What the task requires
Restate word for word the entries below, starting at the line with "Real-Touch Tulip Bundle" and ending at the line with "Pastel pearl beads". Keep both end lines and omit the pictures.

----- Data for review -----

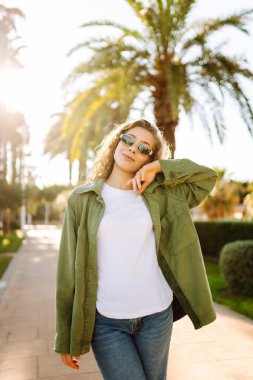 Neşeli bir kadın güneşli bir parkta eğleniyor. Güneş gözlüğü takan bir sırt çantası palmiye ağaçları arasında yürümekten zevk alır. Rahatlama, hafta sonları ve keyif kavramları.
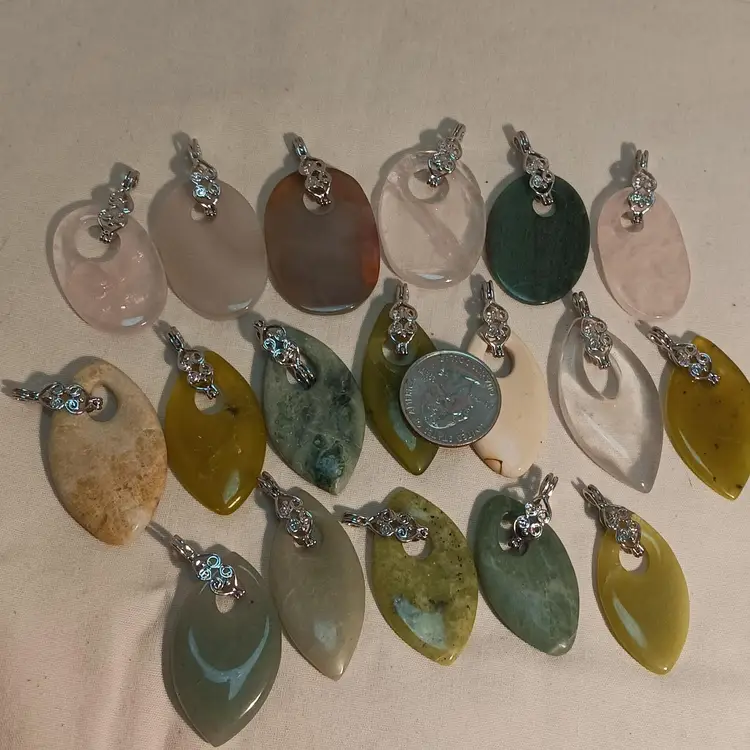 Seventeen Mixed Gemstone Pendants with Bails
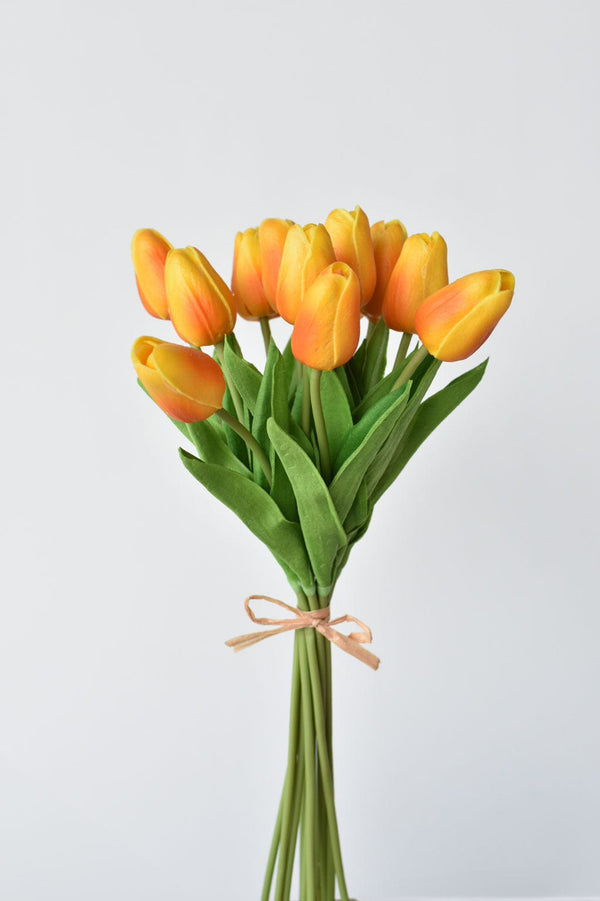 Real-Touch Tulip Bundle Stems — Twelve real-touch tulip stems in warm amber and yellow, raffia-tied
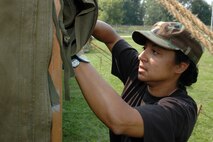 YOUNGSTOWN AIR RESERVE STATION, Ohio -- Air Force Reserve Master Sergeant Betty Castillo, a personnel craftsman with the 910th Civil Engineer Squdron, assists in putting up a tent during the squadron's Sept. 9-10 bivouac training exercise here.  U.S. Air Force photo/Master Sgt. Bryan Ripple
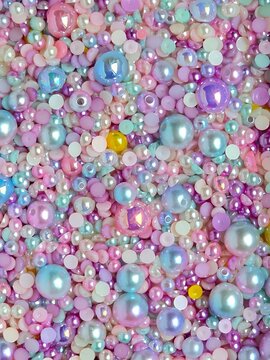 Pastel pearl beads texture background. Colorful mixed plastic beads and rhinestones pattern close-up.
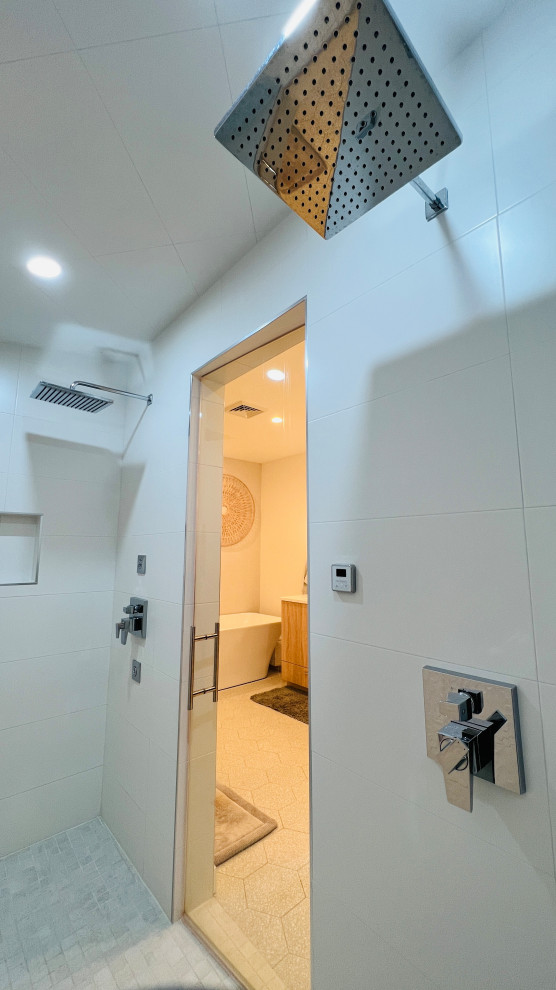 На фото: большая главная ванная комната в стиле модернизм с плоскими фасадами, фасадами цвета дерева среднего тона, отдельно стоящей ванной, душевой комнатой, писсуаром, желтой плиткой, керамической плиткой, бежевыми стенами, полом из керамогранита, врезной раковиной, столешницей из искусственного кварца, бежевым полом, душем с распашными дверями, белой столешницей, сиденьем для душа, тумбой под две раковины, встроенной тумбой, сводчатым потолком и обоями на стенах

-----
----- Data for review -----

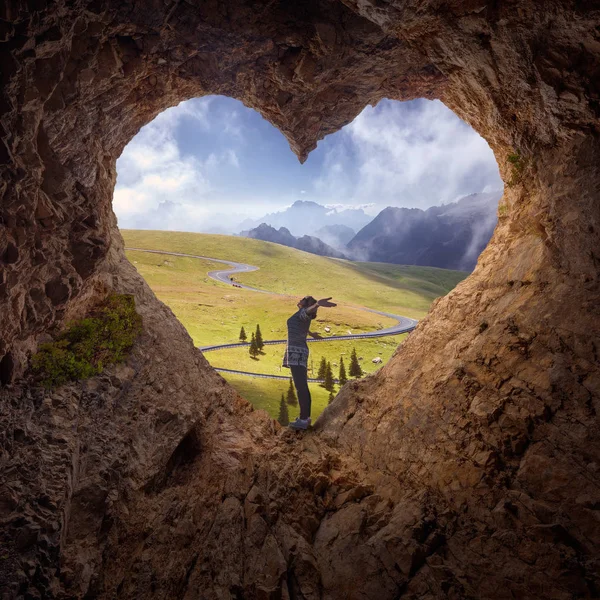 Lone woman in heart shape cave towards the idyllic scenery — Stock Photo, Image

-----
----- Data for review -----

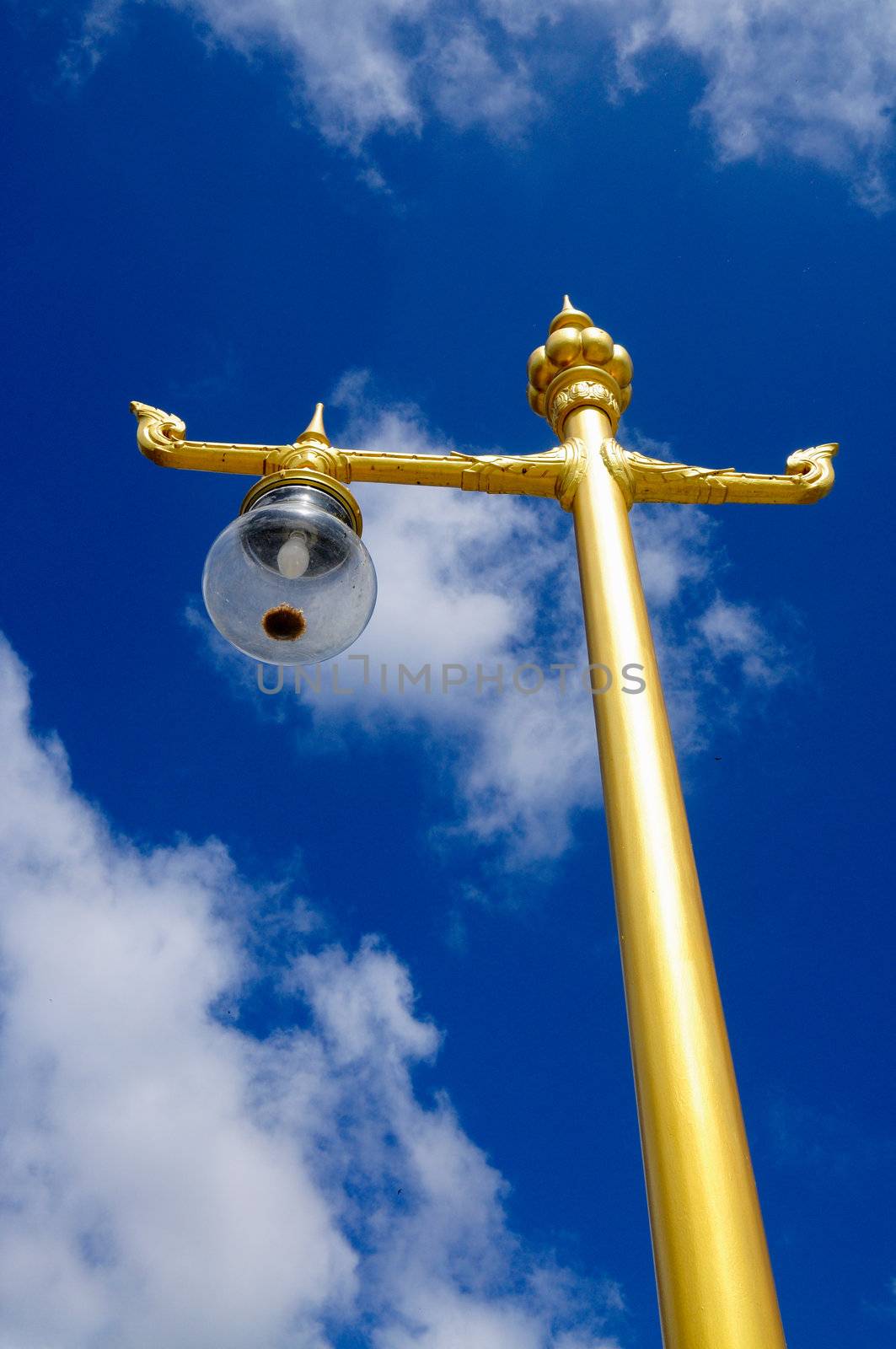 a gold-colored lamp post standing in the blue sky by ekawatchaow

-----

Result
 Real-Touch Tulip Bundle Stems — Twelve real-touch tulip stems in warm amber and yellow, raffia-tied
 YOUNGSTOWN AIR RESERVE STATION, Ohio -- Air Force Reserve Master Sergeant Betty Castillo, a personnel craftsman with the 910th Civil Engineer Squdron, assists in putting up a tent during the squadron's Sept. 9-10 bivouac training exercise here.  U.S. Air Force photo/Master Sgt. Bryan Ripple
 Pastel pearl beads texture background. Colorful mixed plastic beads and rhinestones pattern close-up.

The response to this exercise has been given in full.